Thanks whodatnation, yeah they really have grown since the first day of flip. The girls have actually all been retied to new individual metal scrogs I made from a shoe rack to help push the interior of the plants in the corner out to get light, looks like a octagon shape now. I wish I had did it at first but lesson learned for next time, Pictures on Sunday. 

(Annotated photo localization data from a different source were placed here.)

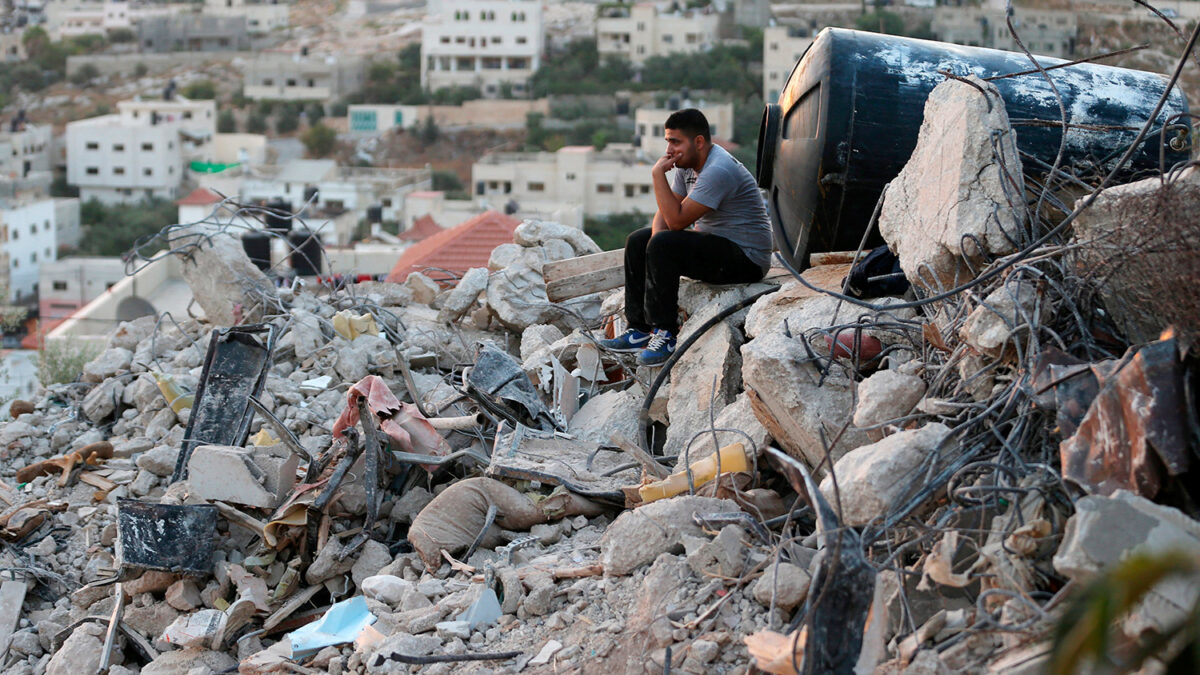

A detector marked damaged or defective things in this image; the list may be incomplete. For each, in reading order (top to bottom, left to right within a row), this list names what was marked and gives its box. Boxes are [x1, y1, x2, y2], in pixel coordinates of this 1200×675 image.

broken concrete slab [878, 76, 1027, 291]
broken metal sheet [114, 497, 218, 576]
broken metal sheet [171, 324, 274, 480]
broken metal sheet [468, 341, 561, 429]
broken metal sheet [484, 420, 643, 499]
broken concrete slab [600, 494, 739, 571]
broken concrete slab [739, 329, 873, 470]
broken concrete slab [820, 420, 950, 526]
broken metal sheet [1060, 333, 1190, 497]
crumpled metal sheet [1060, 333, 1190, 497]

Good night everyone or morning.


----------



## neopower101 (Mar 24, 2013)

*Sunday Update*

Hello everyone, well another Sunday past and its time to move the lights down to 10.5/13.5. plants are growing quite well all green again after i tried to flush some of the n from early veg when i was use pro grow and all that is in the pot is organic fishy goodness. Going to be adding some coconut milk to brews in the next weeks to start boosting the buds size. Also as mentioned early plants are now tied to there own metal scrogs to make it easier to move and for more room and light to the middle of plants. Also used a camera with flash so it would be nice if you guys tell me what camera you like better this one or the one from the pictures before.
*
Day 28
*Purple Right,Blue Cheese ,Purple Left,, and Bag Seed




Hope You All Enjoy!!!!!Have A Great Day!!!!!


----------



## oompa8338 (Mar 24, 2013)

I like the new pics. Looks like u could feed more since its still so early in flower?


----------



## neopower101 (Mar 27, 2013)

Yeah I know, I have just been trying to go all brews and had a little salt build up from the bottled nutes. Feeding a lot more now.


----------



## jaxdreaming (Mar 31, 2013)

Your plants look amazing... well done... some great tips as well... I've been thinking of putting worms into my pots as there's loads in my garden... mine are 1 week into 12/12 and still vegging...


----------



## yeps420 (Mar 31, 2013)

Great use of space... Looking so clean.. Great job on the soil as well.. Going be some great flovors for ya... Do ya thang bro.. Killing it...

Peace...


----------



## neopower101 (Mar 31, 2013)

*Day 35* 
Hello, back again with a few new pics. Girles are really putting on some crystals, they all sparkle from the light. Thank you everyone for your comments. Things are really going good lights down to 10/14 now, Probably my best grow i believe so far.

*Girlies
*Bag Seed, Blue Cheese, Purple Left, and Purple Right


Thank You, Good Night.


----------



## kingruar (Apr 12, 2013)

Well done man! Very impressed, this is gonna be a good harvest!


----------



## neopower101 (Apr 12, 2013)

*Big Ass Update*
Hello everyone, sorry for the long overdo update (got lazy). All the girls have started to really kick into flowering gear. have been feeding lots of carbs over the past 2 weeks(molasses and agave syrup), the girls really seem to like it has they have been stinking more then i have ever experienced with any of the strains besides the bag seed that doesn't have a lot of smell but i found you really need to grow out a seed first and clone it to get the real smell. The smell is of a very sweet coffee/cream cheese no blueberry scent really yet.

*Day 46*
*Purple Left (Sylvia #1)*

*Blue Cheese (Dottie)*

*Bag Seed**(Beatrice)*

*Right Purple (Sylvia #2)*


----------



## MmmMmmMmm (Apr 20, 2013)

Wow, looking tasty! More ideas for my dr60 as well 

Keep us updated on how everything turns out!


----------



## neopower101 (Apr 23, 2013)

*Quick Update*

Hey everyone back for a small update, sorry i haven't been posting a lot been caught up with things. The lady's are doing great starting to pack on some weight, only have one set of pictures today of Sylvia(Purple Pheno)(left) but it should give you a taste of the next big update to come. Let me know what you guys think so far, and Thank you for all the kind words.
*
Day 58*
Purple Pheno Sylvia (Left)


Have a Good Day


----------



## Bandit1989 (May 18, 2013)

Very nice.


----------



## bccrowley (May 27, 2013)

Wow this has been an amazing looking grow. I cannot believe how far they have come and grown in just 60 days. I am new to seeing this type of grow and it looks very interesting with good use of space


----------



## Shine Sipper Vapor Blower (Jun 2, 2013)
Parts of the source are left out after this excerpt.